"As Jesus came near and saw the city, he wept over it, saying, 'If you, even you, had only recognized on this day the things that make for peace! But now they are hidden from your eyes.'"
I took this photograph in 2007 when I was visiting Jerusalem for Holy Week and Easter. It was taken on the grounds of Dominus Flevit, a Roman Catholic Church on the Mount of Olives that commemorates Jesus' weeping over Jerusalem before entering it on Palm Sunday.
The modern architecture of the church is roughly in the shape of a tear.
This photo, peering into Jerusalem from Dominus Flevit (which means "the Lord Wept") through the all-too-common razor wire in a city that has known centuries of weeping, helped to capture for me, in a way that my words at the time could not, the sadness of that part of the world that must still deeply grieve the heart of Christ.
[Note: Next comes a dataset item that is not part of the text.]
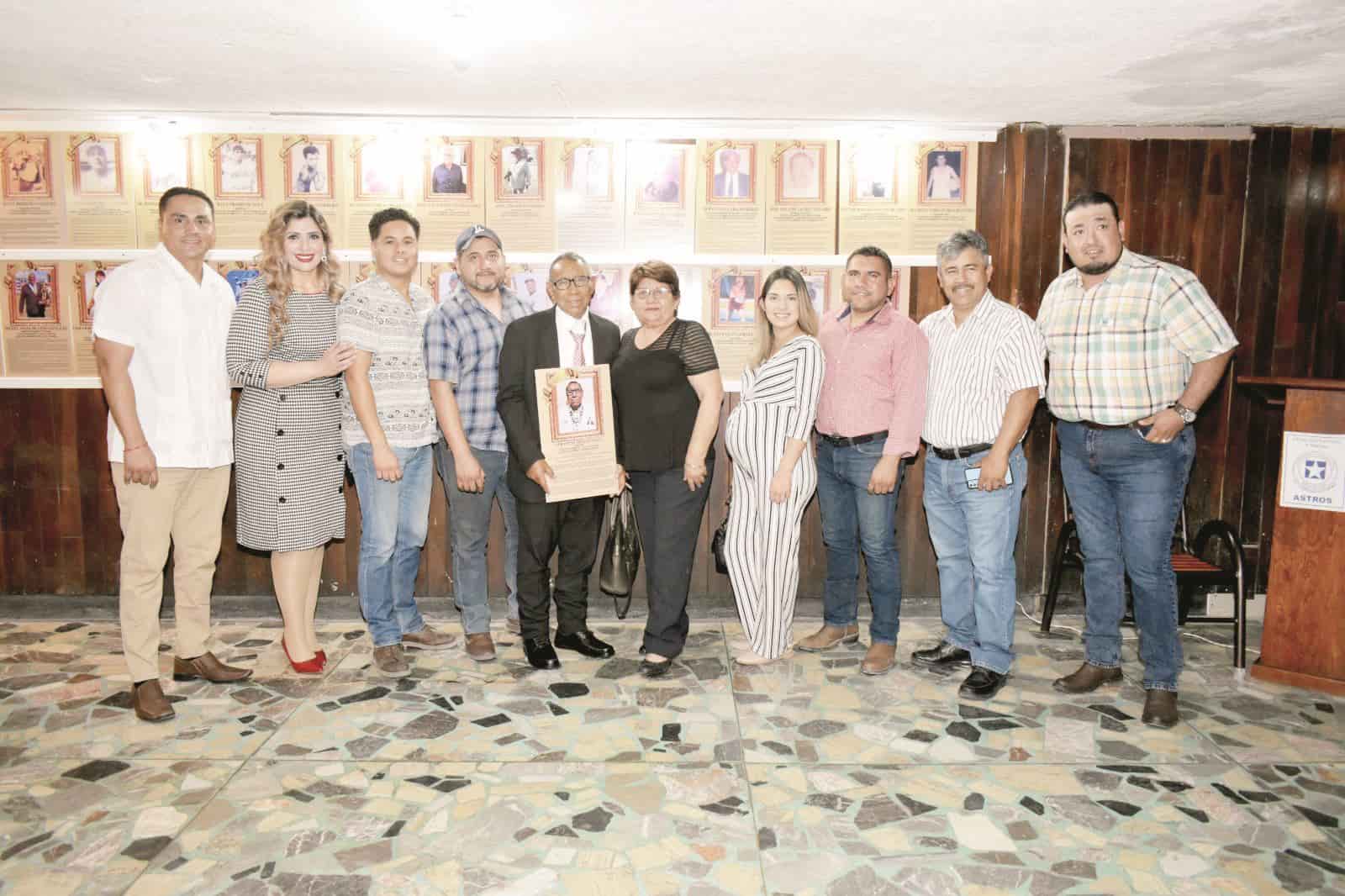 Cumple Yajaira ¡Con inmortales del deporte!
Jerusalem can seem painfully sad. The landscape is scarred by cement and stone walls meant to exclude one people from another. Windows and doors on apartment buildings and college dormitories are fitted with armored covers to protect the inhabitants from unpredictable outbreaks of war. Religious ceremonies are guarded by teenagers carrying automatic rifles. The infighting among religious groups vying for space is held perilously in check by a centuries-old document called the Status Quo (honest-to-God!). The only chance for keeping any remote semblance of a tenuous peace is upholding the Status Quo and abiding by the rulings of long ago.
Even the Old City itself is a collection of subtle divisions: you may enter in Palestine, but after walking a few blocks you may find yourself in Israel. A few blocks more and you may find yourself in Armenia or Rome or Greece. They are divisions that most tourists would never recognize - at least not until having crossed them - but the people who know the city know their place within it and rarely stray.
My experiences in Jerusalem were profoundly life-changing and life-giving. I would never exchange them for anything.
But, at least in part, I feel like I know why Jesus wept that Palm Sunday so long ago.
I have wept over Jerusalem, too.
Whenever the people of God are torn by division and infighting, I believe that it grieves the heart of God.
Whenever we build walls that are meant to exclude, I believe that Jesus weeps again.
Today, the Episcopal Diocese of Fort Worth - a diocese that has long held fast to its walls to hold out women, and gay and lesbian people and their allies, and any other progressive or nontraditional voices that may have dared to attempt entry - today they voted to "leave" the Episcopal Church.
Obviously, a diocese - a creation of the General Church which is, in itself, held in trust for the General Church - cannot "leave" the General Church. But my purpose here is not to debate the legal or ecclesial realities. There will be time enough for that later.
My purpose, instead, is to notice that once again, the church has grieved the heart of God.
Once again, Jesus weeps.
I ask your prayers for the Episcopal Church in Fort Worth. I ask your prayers for those who felt the need to abandon the church and for those who feel called to rebuild it.
For more news on the matter, I refer you to the blog of my friend Katie Sherrod. Not only is she one of the true prophets of the church and a progressive voice on the ground in Fort Worth, but she's a rock star writer and can really capture the heart of most matters she approaches with subtlety, grace, and wit.
And while you're at it, say a prayer for Katie. Because while I'm sure that she's not one bit surprised, I have no doubt but that she's grieving for our church, too.